Para a execução das obras, contava-se com a Orquestra da casa que, durante o anunciado concerto e na derradeira das sinfonias teria Florian Krumpöck ao piano e na regência. Interpretada a primeira das citadas peças, sob a direcção do concertino Florian Zwiauer, a alma mater do Festival, seguir-se-ia o concerto de piano.

Seguir-se-ia, escrevi eu e muito bem. Seguir-se-ia, entre outras, se a imprescindível presença do piano, não tivesse sido irremediavelmente comprometida por uma inultrapassável avaria de ordem técnica que afectou a manobra de fazer subir o Steinway, da cave sob o palco, até ao seu lugar definitivo, permitindo a interpretação…

E não havia nada a fazer. Nada. A mesma plataforma elevatória que, há mais de quarenta anos – posso eu testemunhar, quase diariamente – tem funcionado tão impecavelmente, recusava-se a colaborar. Mas o espectáculo, tinha de continuar. Após um penoso intervalo, durante o qual não se percebia se haveria alguma hipótese de resolver o manifesto contratempo, apareceu um funcionário.

Quase na borda do palco, muito timidamente, num quadro do mais profundo amadorismo, com uma vozinha inaudível, sem microfone [enfim, que aquilo, como sabem, é uma casa sem meios...] lá avisou que nada havia a fazer. E, como contra factos não há argumentos, todos tivemos de assumir que, no melhor pano cai a nódoa.

É que, na realidade, a Fundação Gulbenkian é o melhor pano. Melhor pano é inimaginável. E, para nosso grande e absoluto privilégio, apesar de internacional, a Gulbenkian tem sede em Portugal. Trata-se de uma verdadeira instituição, onde, como é sabido, nada é deixado ao acaso, uma verdadeira ilha de excelência num país em que tudo está contaminado por uma patológica cultura do desleixo.

Agora, digam-me lá se não tenho razão para a apreensão que comecei por manifestar… Eu aguento tudo, desde o fisco que me vem aos bolsos buscar o que não é capaz de cobrar aos ricos e poderosos, até à proverbial incompetência da Câmara Municipal de Sintra que nos mina a qualidade de vida. Eu aguento tudo, porque vivo na constante convicção de que, todos os dias, tenho a Gulbenkian como segunda casa, lugar de permanente refúgio. Mas, então, que profundo golpe foi este? Valha-me Deus, até a Gulbenkian agora me falha?
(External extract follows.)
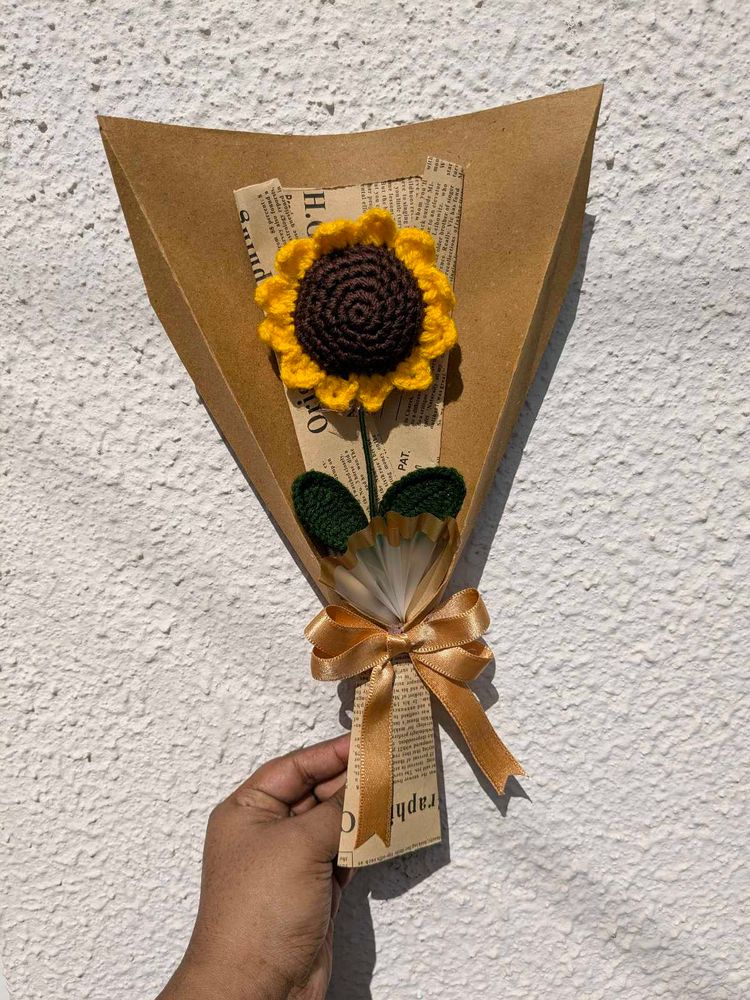 Single Sunflower Crochet Bouquet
Não, não acredito. E a atestar que assim mesmo não é, logo entrou o jovem Maestro Krumpöck, impondo à orquestra e ao auditório a sua leitura da Júpiter. E que coisa espantosa de se ouvir e entender ele nos deu no fim de tarde. Reger Mozart é aquilo, aquela sábia noção dos tempi, aquela acre e doce relação de momentos de tensão e lassidão em que Amadé foi perfeito e perfeitamente imbatível em toda a História da Música.
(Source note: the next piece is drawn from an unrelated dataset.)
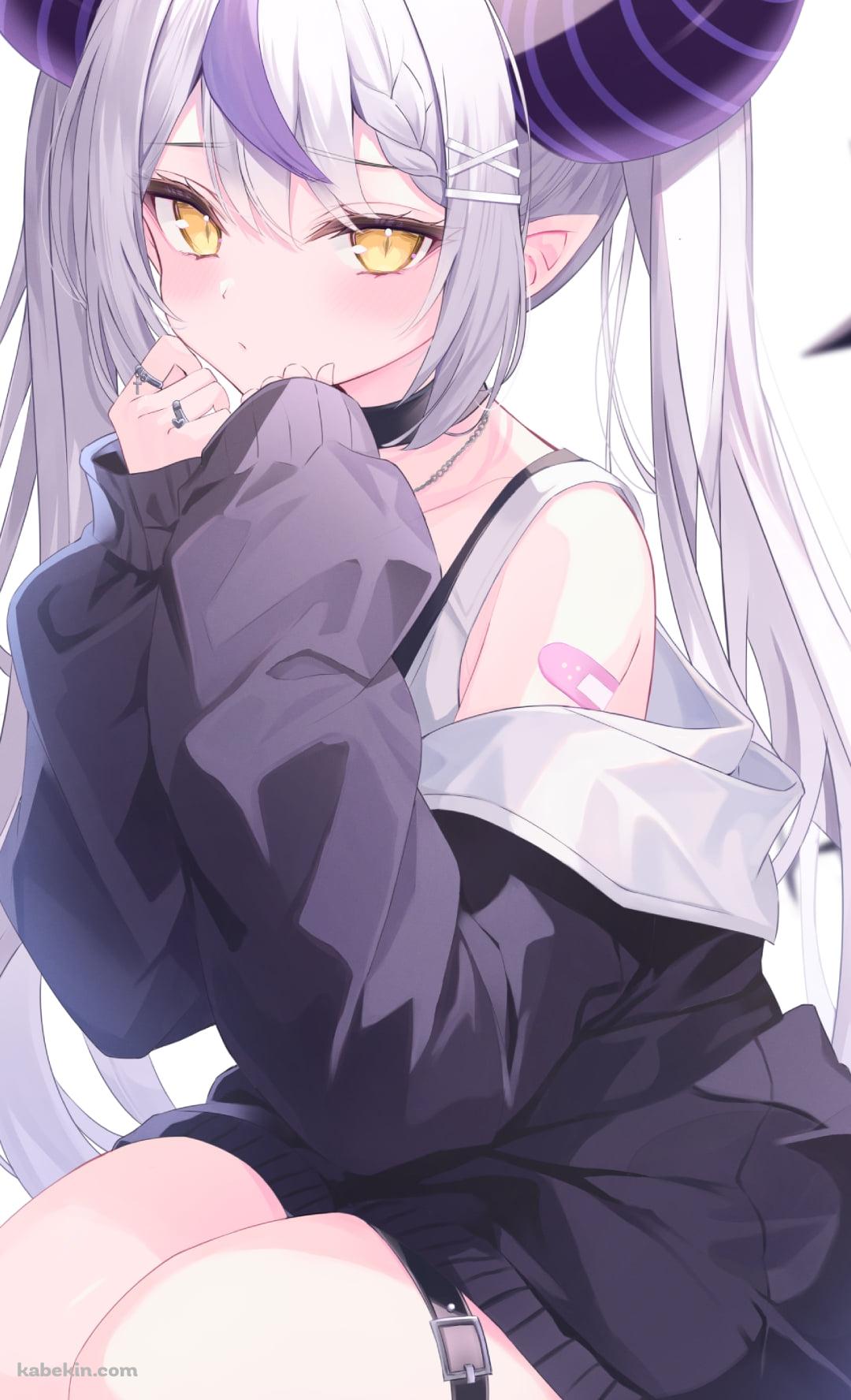 しゃがんでこちらを見る可愛いラプラス・ダークネス / ホロライブ / バーチャルYouTuber / VtuberのAndroidの壁紙(1080px x 1776px) スマホ用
Conheço Krumpöck das minhas frequentes estadas em Salzburg e Viena, conheço-lhe o piano, a sagacidade, a mozartiana propensão. Tenho pena, muita pena que, devido ao capricho de uma máquina que não deve ter sido bem oleada, Lisboa não tivesse escutado o nº 20 em Ré menor pelas suas mãos. Paciência. Percebeu, no entanto, que ali, naquele austríaco Florian, há uma sensibilidade mozartiana inequívoca.
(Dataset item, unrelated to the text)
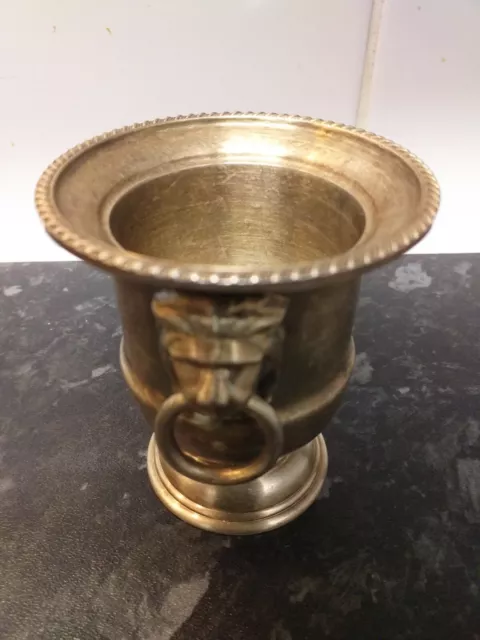 Lovely Vintage Viners Silver Plated Lion Mounted Handled Posy Vase/Urn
A atestar que o acontecido é mesmo para esquecer, já ontem ouvimos a Freiburger Barockorchester, o Coro Gulbenkian e um conjunto de belíssimas vozes solistas, sob a direcção de René Jacobs, interpretando a ópera Cosi fan tutte em versão de concerto. É um daqueles programas, tão sofisticado, que só a Gulbenkian tem meios para se abalançar. E foi uma noite de glória, numa das casas que, a nível mundial, propõe da melhor música.


7 comentários:

Sara disse...

Caro Professor,

Tenho muitas saudades das suas críticas musicais no Jornal de Sintra. Nunca aprendi tanto de história da música como nas suas apreciações aos concertos entre 2002 e 2005 e tudo o que escreveu sobre Salzburg entre 2003 e 2008. Para escrever isto fui ver o que recortei. São centenas de páginas. Foram grandes páginas culturais que o Jornal de Sintra e todos nós perdemos. Sou professora, fui sua aluna e não perco o que continua a escrever no blogue. É sempre o mesmo professor mesmo fora das salas de aula. Estaou a ouvi-lo quando o leio. O professor escreve como fala. É sempre impecável, e quem o conhece sabe como é verdade.
Sobre o que aconteceu na Gulbenkian acho que está a ser muito severo. Mesmo a Gulbenkian tem direito a uma falha em mais de quarenta anos...
Um beijo com muita admiração da
Sara

Anónimo disse...

Na Gulbenkian, Dr Cachado? Pois até aí já chegou a ferrugem demolidora que pôs este país de pantanas? Se calhar o Sócrates mandou para lá algum colega "engenheiro"
de licenciatura dominical como a dele... Se fosse a si não continuava com tanta confiança.

SG

E. B. Alves disse...

Caro João,

Deste um ar da tua graça com este teu artigo sobre o episódio da Gulbenkian, escrevenso umas rapidíssimas notas sobre o concerto do dia 21. Mas foi muito pouco para o que podes e sabes fazer. Relê o que escreveu a tua aluna, hoje nossa colega. Volta a escrever sobre música, assunto em que és autoridade mas silenciosa.
Também gostei do que escreveu há pouco SG. O Sócrates é apenas o paradigma do estado a que chegou a competência profissional em Portugal. É muito rasteiro o nível.
Olha, amigo, valha-nos Deus.
Abraço grande,

E.B. Alves

E.B. Alves disse...

Caro João,
Como não desta essa informação e muitas vezes te referes aos preços dos bilhetes,
apenas a acrescentar que
convém dizer a alguns leitores menos informados que um bilhete de assinatura dos espectáculos do Festival Mozart, no balcão, custava ontem 13,33 (treze Euros e trinta e três cêntimos) para a ópera em versão de concerto, que fizeste alusão no teu texto, do melhor que se pode ouvir em qualquer parte do mundo...
Sem mais comentários,
E.B. Alves

Mª. Carmo Lopes disse...

A Fundação Gulbenkian pode fazer dessas avarias mas não é exemplo de coisa nenhuma e muito menos em comparação com o que se passa pela Europa.

Carmo Lopes

Anónimo disse...

A crítica musical Ana Rocha também contou hoje de manhã na Antena 2 o incidente da Gulbenkian. Parece mesmo um fenómeno e talvez SG tenha razão. Só que tem de ser um «engenheiro» mecânico e não um colega de «civil» do senhor Pinto de Sousa...

Clara Antunes disse...

Nunca ouvi coisa tão estranha. Numa ilha de excelência não há nódoas destas. O que aconteceu evitava-se com a existência de um plano B.